WORK ITEM ::
As you write out the lines from the one containing "this 450×279 image." through the last line of the records, keep them exact and leave out pictures.

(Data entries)
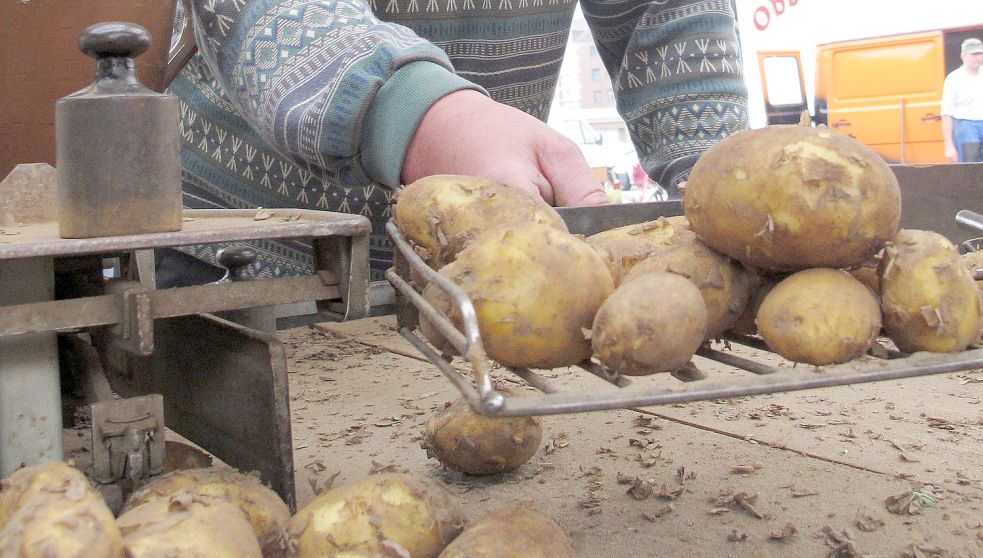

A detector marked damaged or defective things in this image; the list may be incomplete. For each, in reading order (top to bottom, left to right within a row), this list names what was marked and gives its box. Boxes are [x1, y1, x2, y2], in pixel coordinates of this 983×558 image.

rusty weighing scale [0, 15, 368, 516]
rusty weighing scale [388, 166, 983, 420]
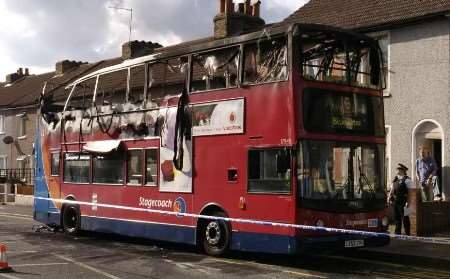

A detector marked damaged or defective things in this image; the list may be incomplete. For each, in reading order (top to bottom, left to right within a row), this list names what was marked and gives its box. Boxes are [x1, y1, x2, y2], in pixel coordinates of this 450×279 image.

shattered window glass [67, 78, 96, 111]
shattered window glass [94, 69, 127, 107]
shattered window glass [129, 65, 145, 105]
shattered window glass [148, 57, 188, 107]
shattered window glass [190, 46, 239, 92]
shattered window glass [244, 37, 286, 84]
burnt double-decker bus [34, 23, 386, 256]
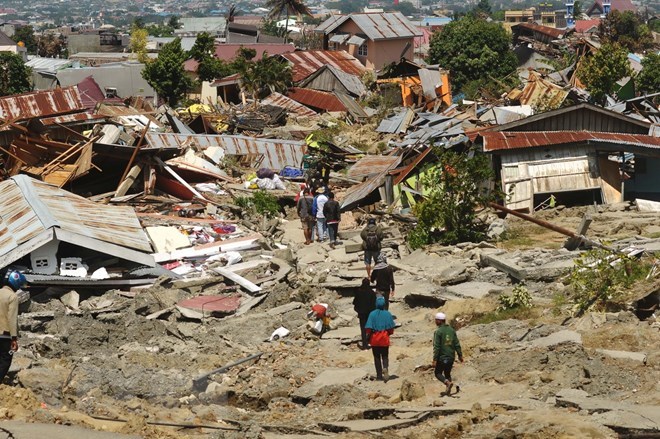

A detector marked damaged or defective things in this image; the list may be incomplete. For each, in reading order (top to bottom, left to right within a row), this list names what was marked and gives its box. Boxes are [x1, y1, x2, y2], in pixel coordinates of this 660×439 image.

SOLUTION TO THE EXERCISE ::
A detector marked damaged or defective things in this image; the list may be incomplete. For each, in reading order (top to bottom, left to right within a row), this list names what was marked and gives its box. Boxes are [x1, y1, x2, y2], in pixel coordinates of this 450×279 image.

shattered window glass [67, 78, 96, 111]
shattered window glass [94, 69, 127, 107]
shattered window glass [129, 65, 145, 105]
shattered window glass [148, 57, 188, 107]
shattered window glass [190, 46, 239, 92]
shattered window glass [244, 37, 286, 84]
burnt double-decker bus [34, 23, 386, 256]

A detector marked damaged or defective things in this image; the list may be incomplete. For each, in reading order (top to bottom, left to right within a row), this list names what was marked and gives its box. Boxes are [x1, y1, x2, y2], in pixel coordinates of this 660×439 image.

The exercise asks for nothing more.